A person that violates section 2102 of this title to exchange information covered by section 2102 of this title
for anything of value or
to obtain or give a person a competitive advantage in the award of a Federal agency procurement contract
shall be fined under title 18, imprisoned for not more than 5 years, or both.
This contrasts with the obvious alternative, which would be formatted as follows:
A person that violates section 2102 of this title
to exchange information covered by section 2102 of this title for anything of value or
to obtain or give a person a competitive advantage in the award of a Federal agency procurement contract
shall be fined under title 18, imprisoned for not more than 5 years, or both.
Ms. Kuciapinski further argues that ambiguity in a criminal statute requires doubts to be resolved in favor of the defendant. (ECF No. 196 at 7.)
A statute is ambiguous when it is capable of being understood by reasonably well-informed persons in two or more different senses. If an ambiguity is found, a court may seek guidance from Congress's intent, a task aided by reviewing the legislative history. A court can also resolve ambiguities by looking at the purpose behind the statute.
United States v. Quarrell , 310 F.3d 664, 669 (10th Cir. 2002) (internal quotation marks and citations omitted). Only if the statute remains ambiguous after consulting available external sources does the rule of lenity apply, resolving doubts in the defendant's favor.
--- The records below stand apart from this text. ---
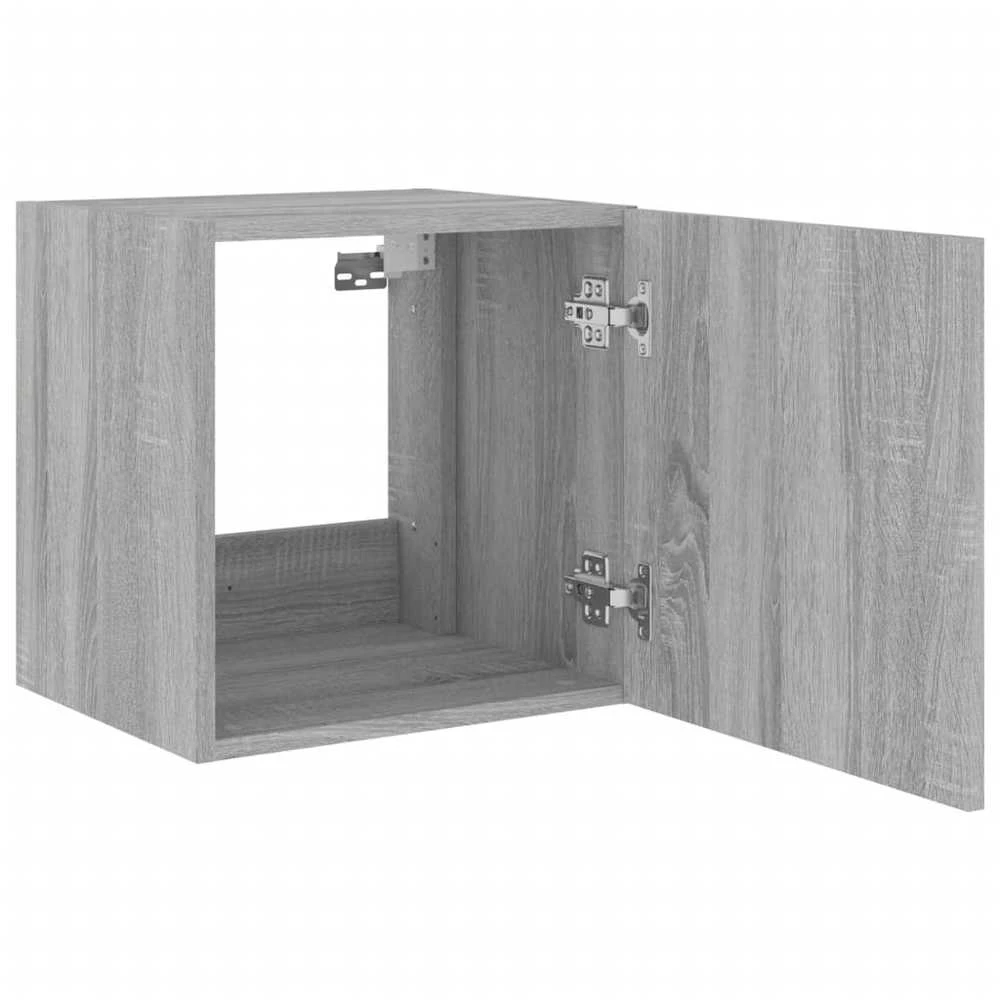 TV staliukas Sieninės TV spintelės su LED, 2vnt., pilkos, 40,5x35x40cm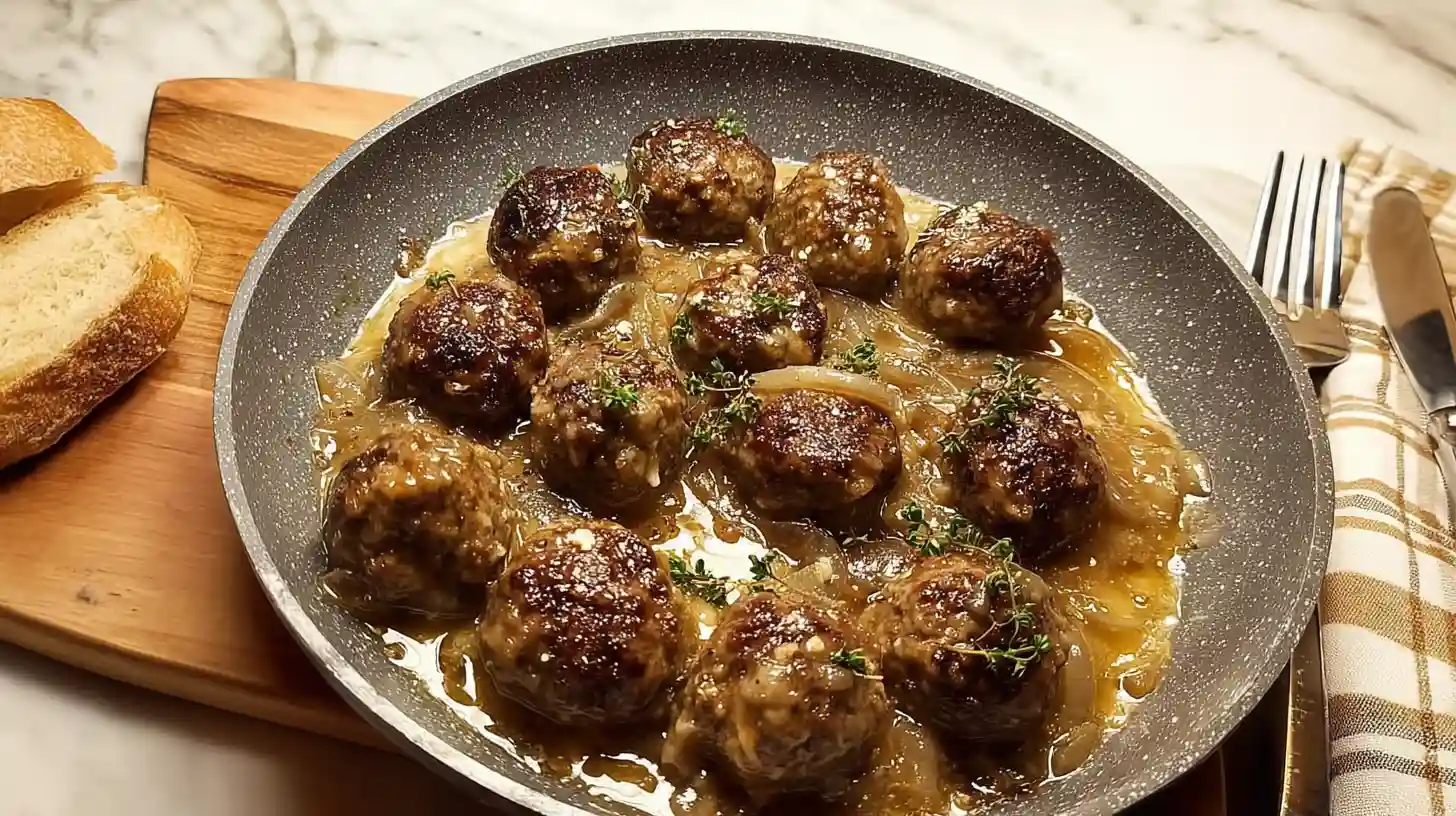 French Onion Meatballs in cast iron skillet with deeply caramelized onion gravy topped with melted Gruyère and mozzarella cheese and fresh thyme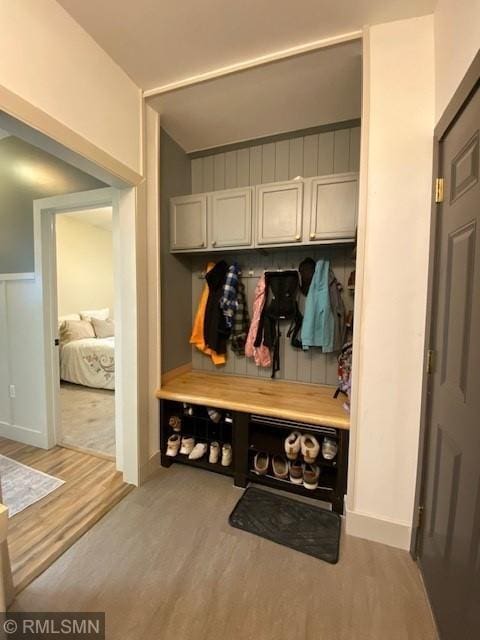 mudroom featuring light wood-style floors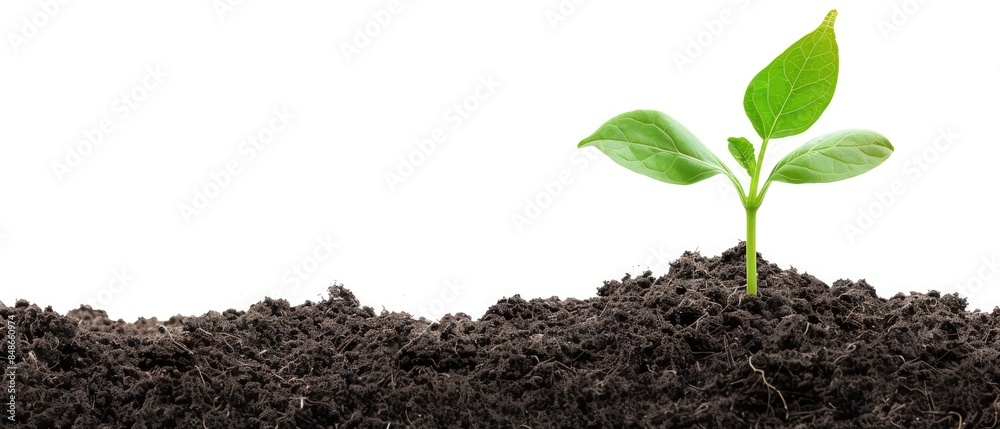 Young Plant Sprout Emerging from Rich Soil on White Background Young Plant Sprout Emerging from Rich Soil on White Background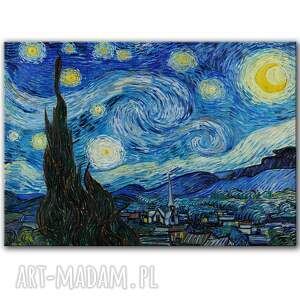 obraz na płótnie - 100x70 cm van gogh gwiaździsta noc 1 0526, reprodukcja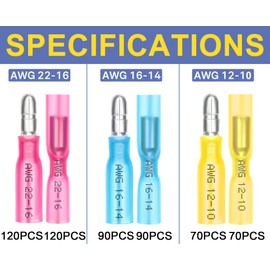 haisstronica 560PCS Heat Shrink Bullet Connectors, AWG 22-10 Male Female Wire Connectors, Quick Disconnect Electrical Bullet Connectors Kit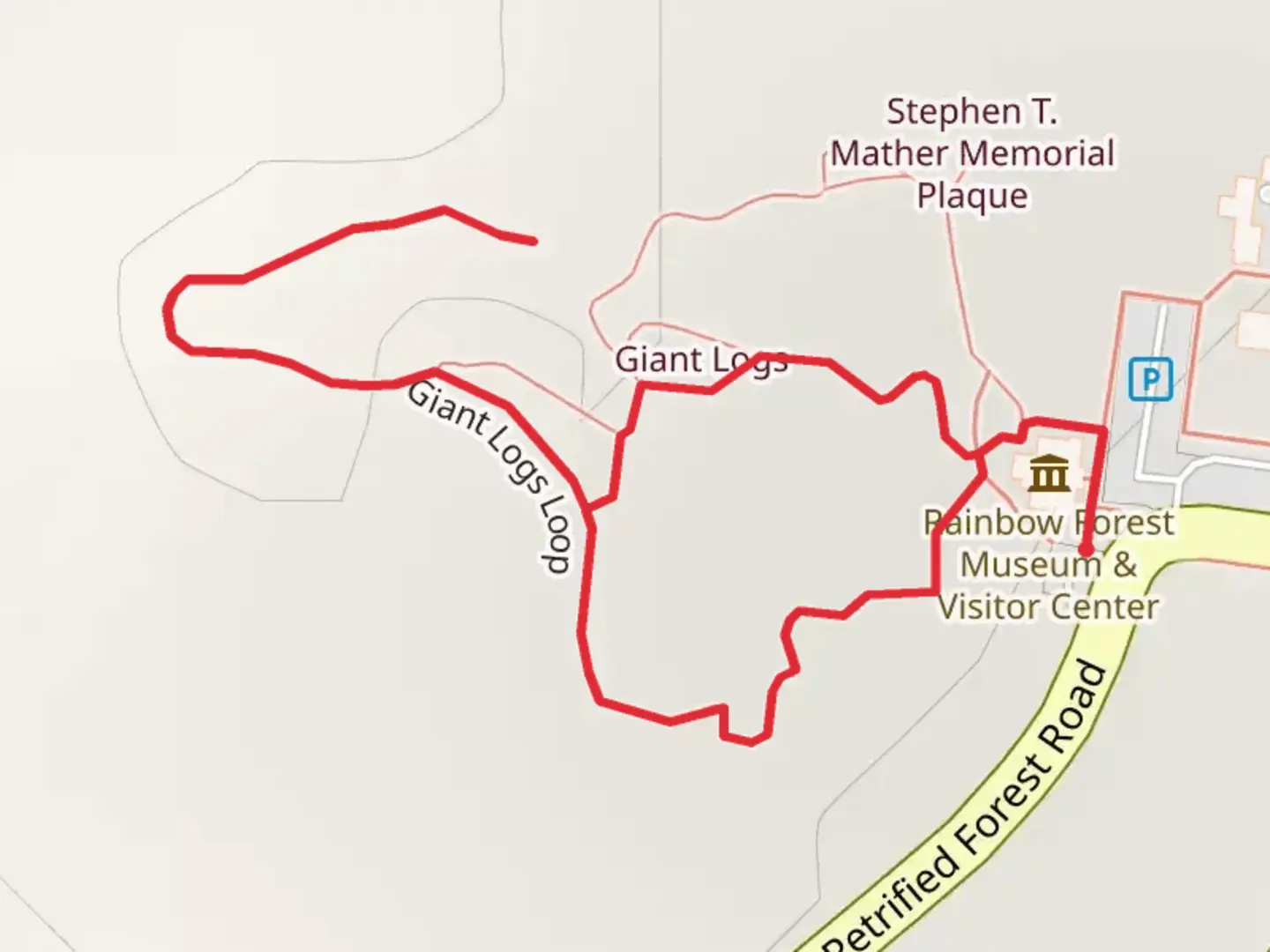 An image depicting the trail Giant Logs Loop and its surrounding area.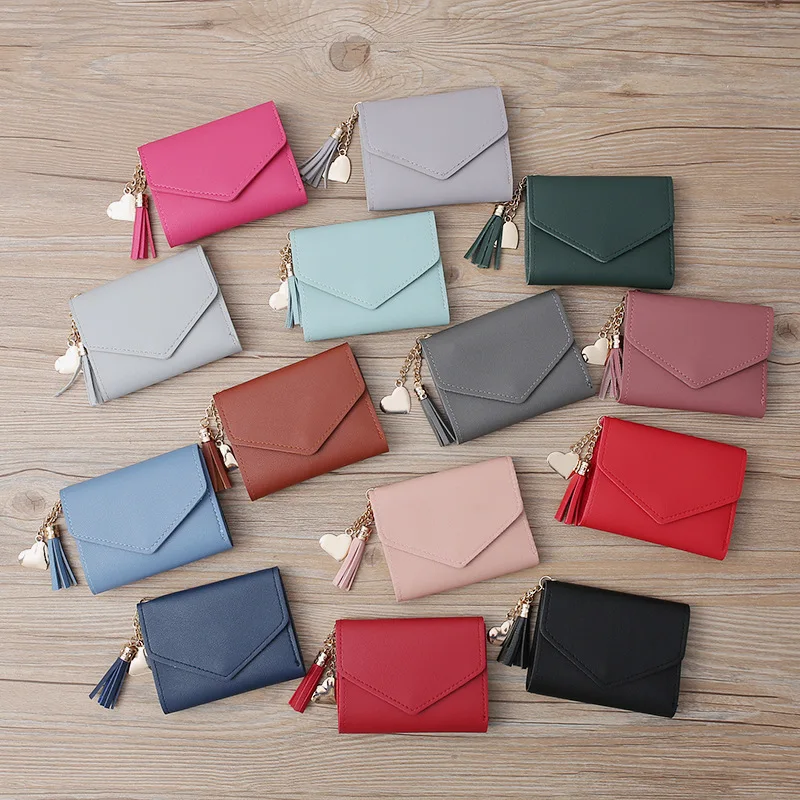 New Korean style short tassel ladies PU leather wallet card holder student wallet small purses women handbag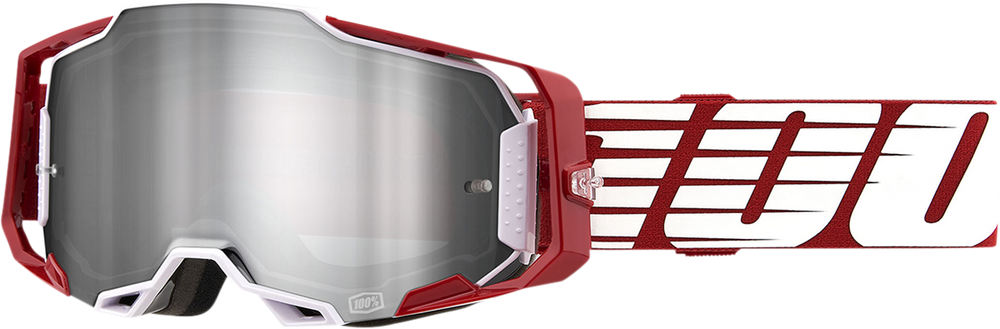 100% Armega Goggles - Oversized Deep Red - Flash Silver 50005-00009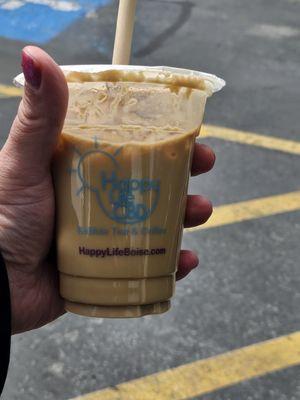 Small iced coffee.. got mine with lavender and coconut flavors and a 25 MG shot of CBD !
Id. at 674.
Ms. Kuciapinski cites no legislative history discussing Congress's intent when it amended and re-codified § 423(e)(1) as § 2105(a). But it is far from obvious that Congress meant to apply the "exchange" requirement to both versions of the violation, thereby de-criminalizing the act of violating § 2102 with only the intent to obtain or give a competitive advantage (and not the intent to exchange procurement information in order to obtain or give a competitive advantage). If Congress intended to create such an unusual and technical loophole, surely there would be a record of such intent, or something else in the statute that shows such a loophole is justified and sensible, but Ms. Kuciapinski presents nothing in that regard. Cf . Salinas v. United States , 522 U.S. 52, 66, 118 S.Ct. 469, 139 L.Ed.2d 352 (1997) ("The rule [of lenity] does not apply when a statute is unambiguous or when invoked to engraft an illogical requirement to its text.").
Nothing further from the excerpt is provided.